We encourage you to reconsider your money manager or, at the very least, push them to clarify their stance. Because if the rule dies, and they’re no longer required by law to act in your best interest…are they going to anyway?

The State of the Industry (Also Known As “Why This Rule Must Live”)

The fiduciary rule’s six-year history has coincided with a secular shift in the industry that has felt promising and good. We’ve seen positive evolutions, like easier access to low-cost investments (e.g., exchange-traded funds) and heightened awareness of how financial providers are compensated. As the Washington Post’s Barry Ritholtz put it, “The fiduciary rule is not shaping investor behavior, it is now catching up with it.”

But now that the rule has the potential to be thrown out, we have to reexamine the conflicts of interest that are costing American workers and their families $17 billion a year—and that could persist without the proper regulations in place.

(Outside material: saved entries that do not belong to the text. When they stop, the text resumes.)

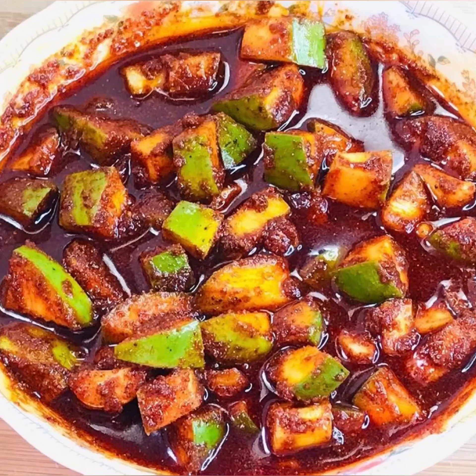Hi everyone, welcome back. I want to make my variety recipe like I mentioned here. I've given you a few of them, it will come over for about 8 years. You can take this food. Now let's make this food.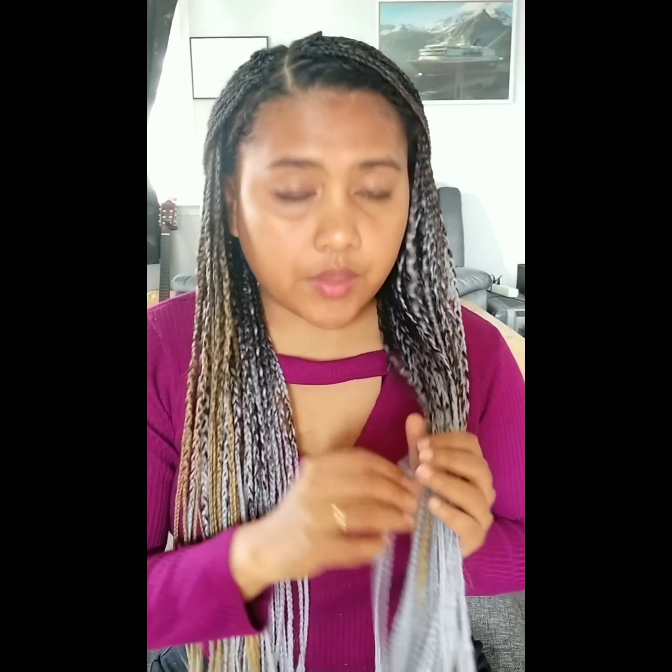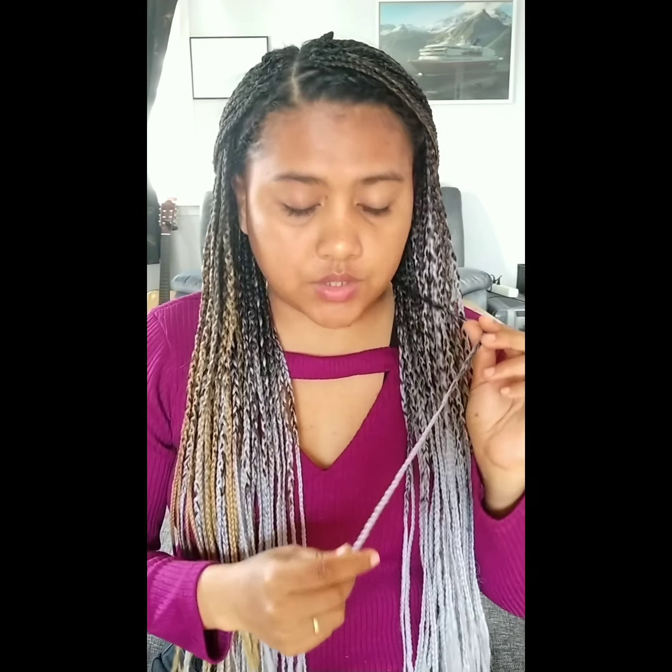So yes guys, that's how I do it when I braid my hair. As I have mentioned, it's really time-consuming. So if you ever plan to have this kind of hairstyle, or if you want to do it yourself, then you have to make sure that you have plenty of time. For me, I spent 12 hours, and that's because I have thinner braids and also it's long.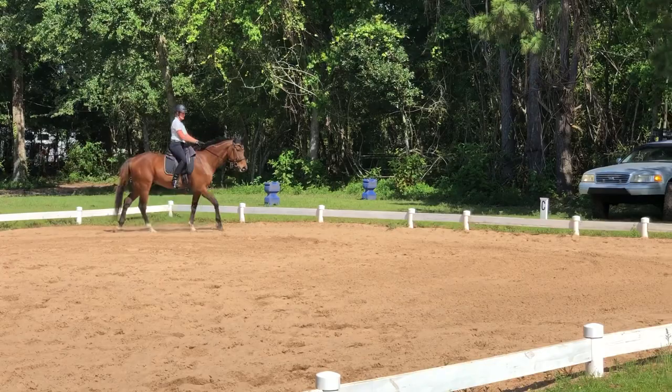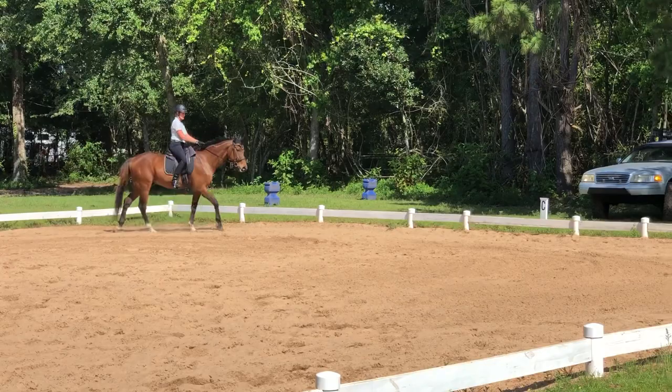M — working trot. There you go. Take your hands up just a little bit. There.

Many money managers (brokers) are not currently required to make investment recommendations based on your best interests, and instead only need to pick “suitable” investments. They are allowed to consider whether a particular recommendation will result in a higher commission or kickbacks to them. As a result, you are likely to end up in a less-than-ideal portfolio—one that’s higher-cost and lower-return than it should be.

This Is What Firms Are Allowed To Do. Is It Happening to You?

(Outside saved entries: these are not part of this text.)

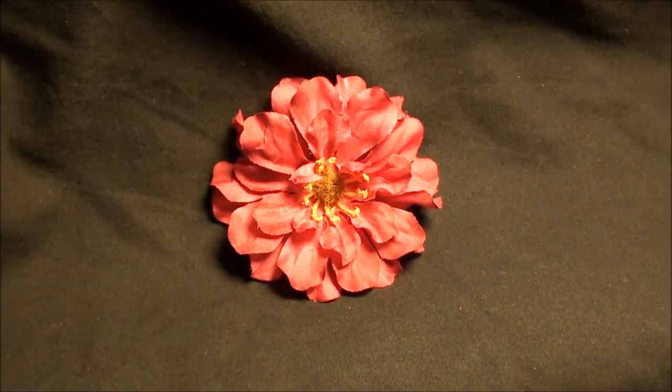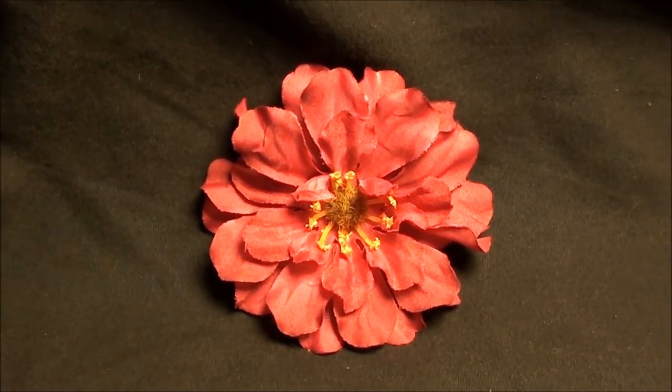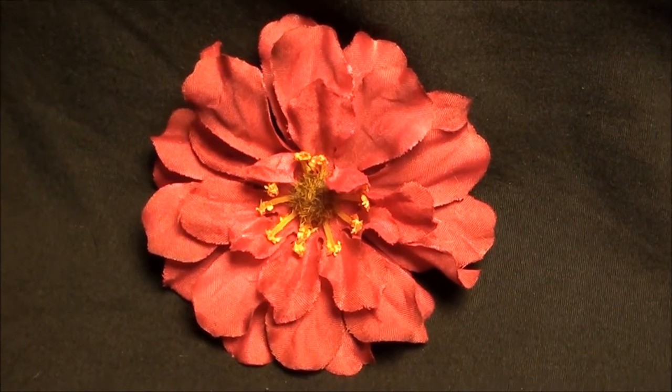Hey, what's up you guys. I just wanted to show you this awesome new flower hair clip I just made. This one is a more unique one for more of you artsy girls out there that want something a little different.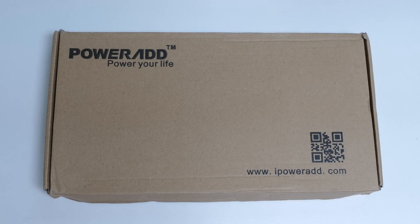Hey everybody, Ed here with the Digital Digest, and today I wanted to share a quick unboxing and first look at the PowerAd 14W Portable Solar Panel Charger.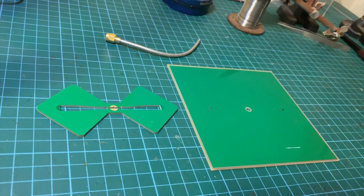Hi everyone, welcome back to my channel. In this video I'm going to show you a PCB bi-quad antenna for 2.4 GHz. It'll be useful for Wi-Fi as well as 2.4 GHz RC control. You could also use it for Bluetooth and other applications.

Here’s the Way It Should Be

We believe in low, transparent fees. We believe that when you give your money to a money manager, they should choose funds based on what’s best for you, the customer—not your money manager.

A Defective Argument: The Fiduciary Rule “Limits Investors’ Choice”

There have been various arguments opposing the fiduciary rule. The most recent came from Gary Cohn, the White House National Economic Council Director, who said that the rule would limit investors’ rights to choose their investments. He told The Wall Street Journal in an interview:

“We think it is a bad rule. It is a bad rule for consumers…. This is like putting only healthy food on the menu, because unhealthy food tastes good but you still shouldn’t eat it because you might die younger.”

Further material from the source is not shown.